* Stored data *

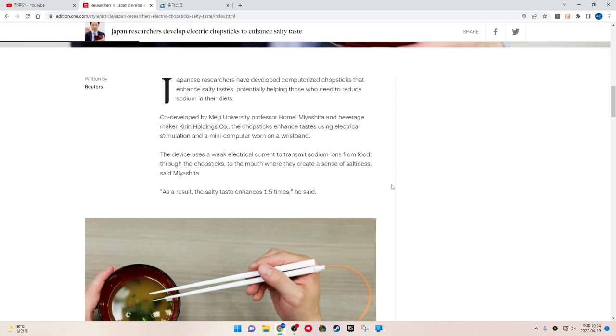Co-developed by Meiji University Professor Homei Miyashita and beverage maker Kirin Holdings Corporation, the chopsticks enhance taste using electrical stimulation and a mini-computer worn on a wristband. The device uses weak electrical current to transmit sodium ions from food through the chopsticks to the mouth, where they create a sense of saltiness.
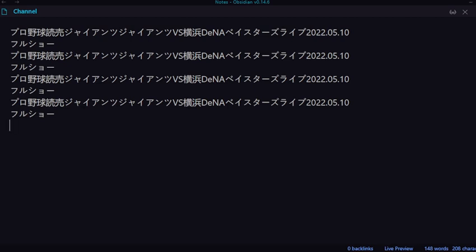Hello guys, welcome back to a new video. We are watching professional baseball, Yomiuri Giants versus Yokohama DeNA BayStars. Welcome, guys.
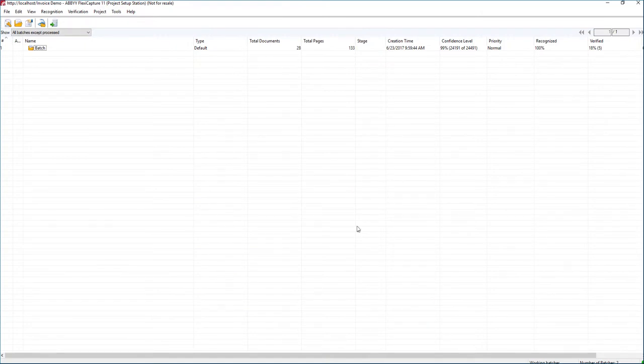Hello. Today I'd like to show you how to add a custom field to an invoice document definition or sometimes what we call a template.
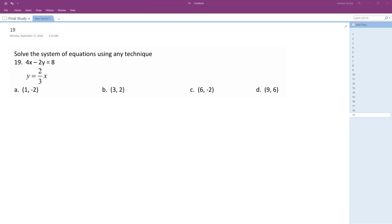We want to solve the following system of equations with any technique. I'm going to use substitution because it's already set up for us really nicely. So we'll just sub in 2 thirds x for y.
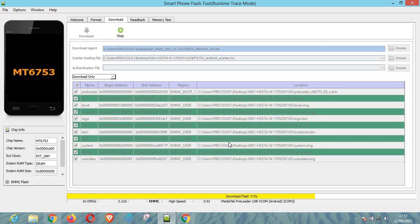As you can see, the progress level is at 72 percent and we are almost done. This particular scatter file is specifically for the Infinix Note 3 Pro — please do not use this scatter file for any other device, otherwise you might break your phone.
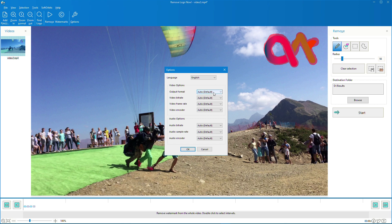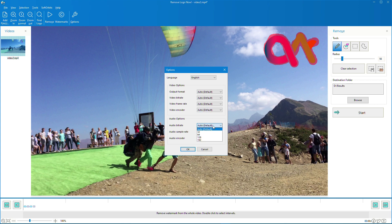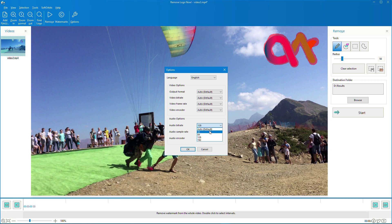Remove Logo Now is compatible with a wide range of video formats, including AVI, MOV, MP4, WMV, and more. It can also save the cleaned up video stream in a different format, bitrate, or container if needed.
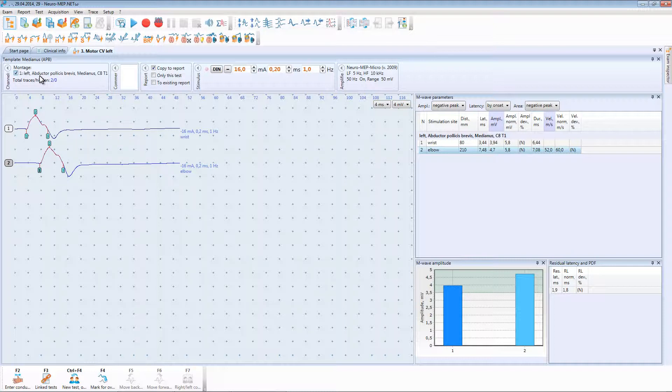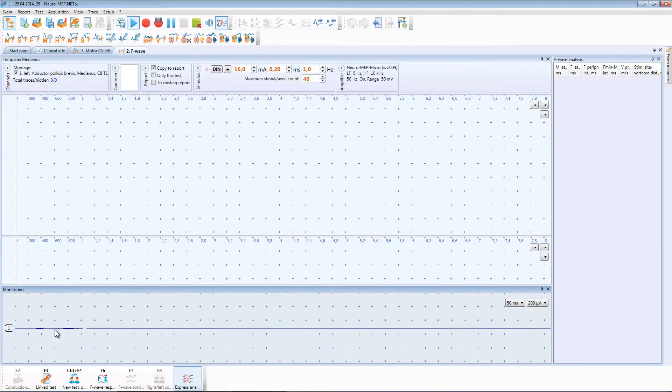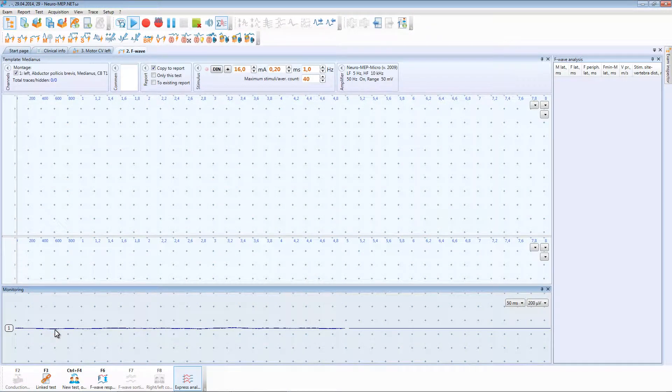To create the linked test press F3 button and choose the required test from the list of available tests. At that the F-wave window opens.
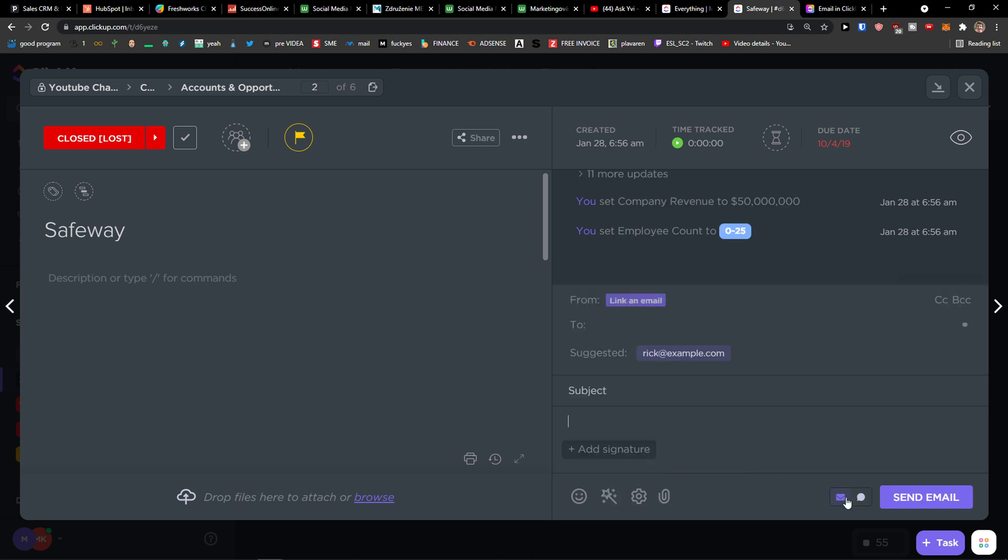And you can simply click send email, then you just simply link your email.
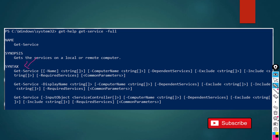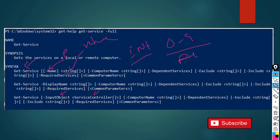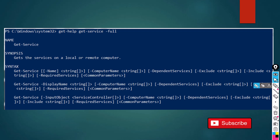Get-Service is the commandlet and -Name is a parameter. Following a parameter, we have a data type such as string, which is the value. -Name accepts a string, which is a piece of text. -InputObject takes a ServiceController object. Some parameters also take integers, which are numeric values from zero to nine. So parameters can take strings, integers, or objects — it depends on how the parameter set is designed.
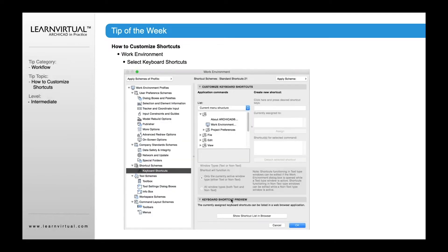If you want to customize your shortcuts, then what you want to do is also go down to keyboard shortcuts. There's that button. Now we're going to talk about customizing, and those are the options up here. When you click keyboard shortcuts, the first thing you're going to see is a list of all the different commands and how they're currently set up. It'll show up by menu structure as a default, but you can change that to show other options as well.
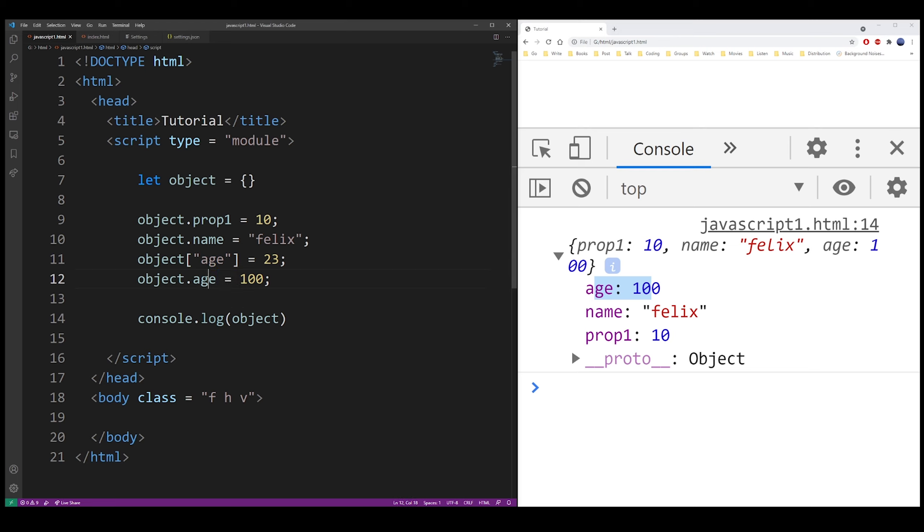That's pretty much it. These are the two primary ways of adding a property to an object in JavaScript. Thank you.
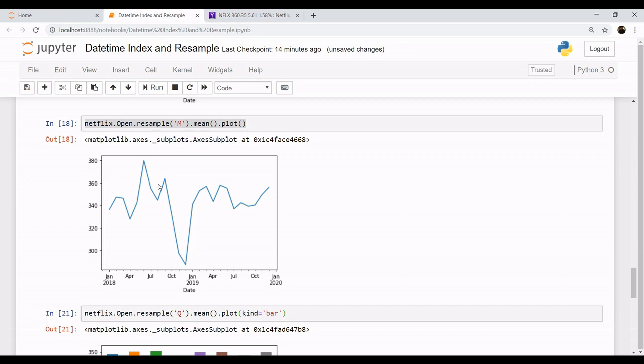This resample method becomes very handy. This is the use case of datetime. This is how you can use your datetime as your index and you can fetch complex values of stock market datasets at your fingertips. There is much more beyond this tutorial, so stay tuned. I'll be continuing this tutorial forward. Thank you.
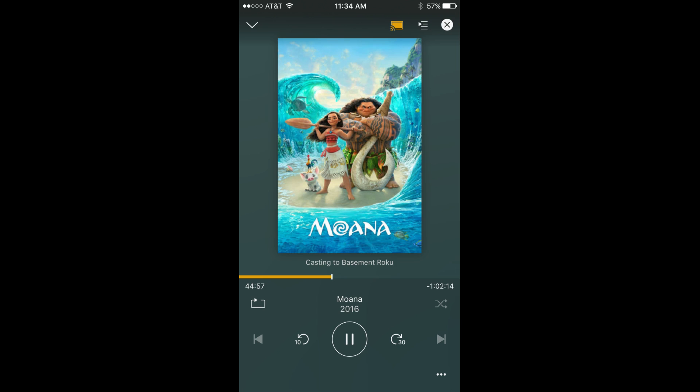Any Plex content currently playing on that device will be turned off, and the content you opted to fling to the other device loads and starts playing on that device. The Choose a Player screen closes, and you'll return to a screen that shows you an image of the content you're playing. Also, the fling icon in your iOS or Android app will turn orange, which indicates that you're flinging content to a Plex app on another device.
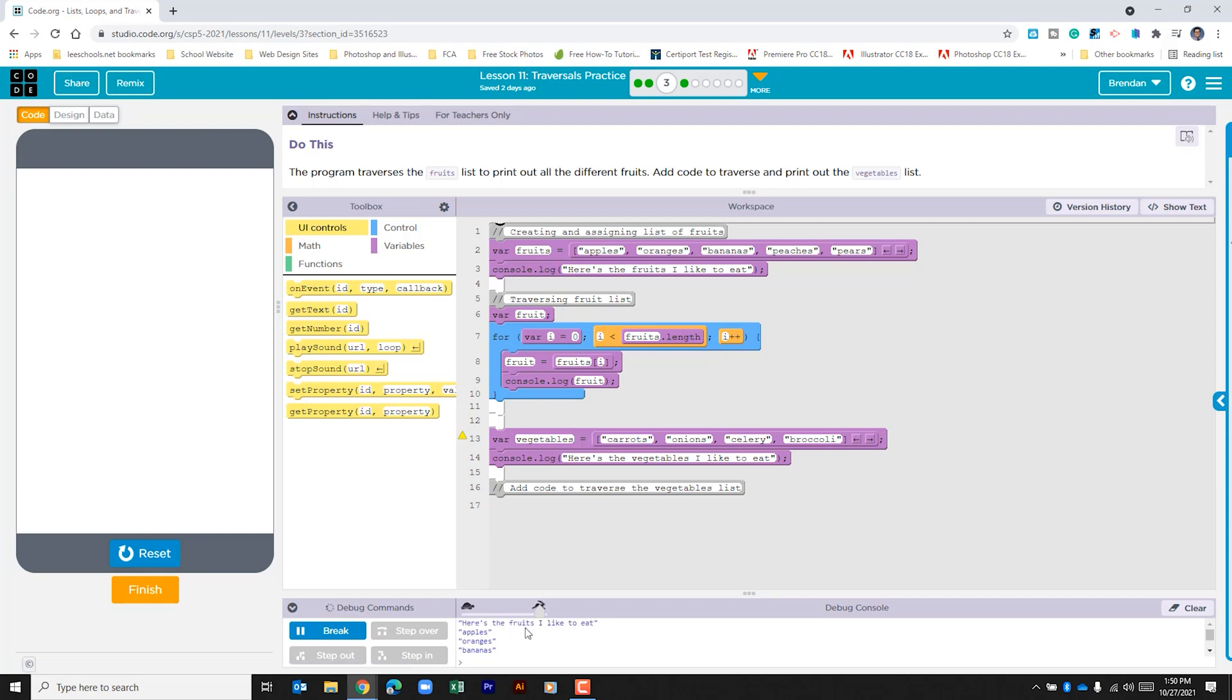As I do, we can see that it prints out the fruits I like to eat, then goes through and prints out the fruits in this list above. Then it prints here's the vegetables I like to eat and nothing else prints, so we need to add the code so that it prints through this list.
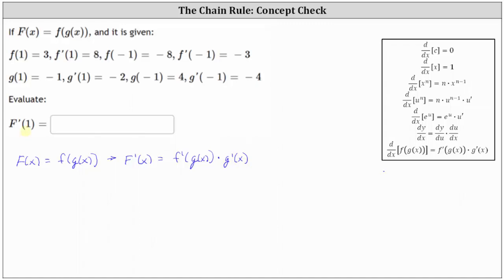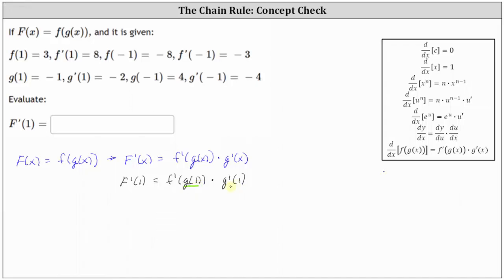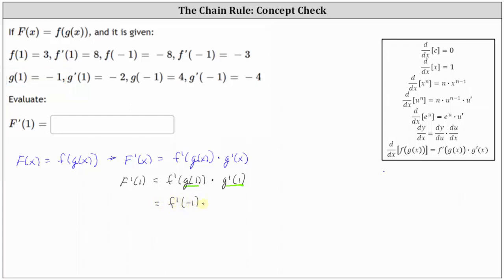And now to determine Big F prime of one, we substitute one for X, which gives us Big F prime of one is equal to F prime of G of one times G prime of one. We need to determine the function values G of one and G prime of one. Looking at the given function values, notice G of one is equal to negative one, which gives us F prime of negative one times G prime of one, which is negative two, so we have times negative two.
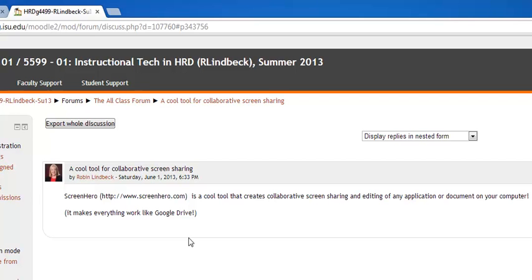Let's talk about how to create embedded links that open in new browser windows. You'll see here I have a forum post that I created. The subject is a cool tool for collaborative screen sharing.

* YOUR INSTRUCTIONS *
Your reply should hold nothing but the lines above, from the one containing "To create the" to the one containing "If you want", reproduced exactly minus the pictures.

* ANSWER *
To create the linked test press F3 button and choose the required test from the list of available tests. At that the F-wave window opens.
And you can simply click send email, then you just simply link your email.
Get-Service is the commandlet and -Name is a parameter. Following a parameter, we have a data type such as string, which is the value. -Name accepts a string, which is a piece of text. -InputObject takes a ServiceController object. Some parameters also take integers, which are numeric values from zero to nine. So parameters can take strings, integers, or objects — it depends on how the parameter set is designed.
If you want to customize your shortcuts, then what you want to do is also go down to keyboard shortcuts. There's that button. Now we're going to talk about customizing, and those are the options up here. When you click keyboard shortcuts, the first thing you're going to see is a list of all the different commands and how they're currently set up. It'll show up by menu structure as a default, but you can change that to show other options as well.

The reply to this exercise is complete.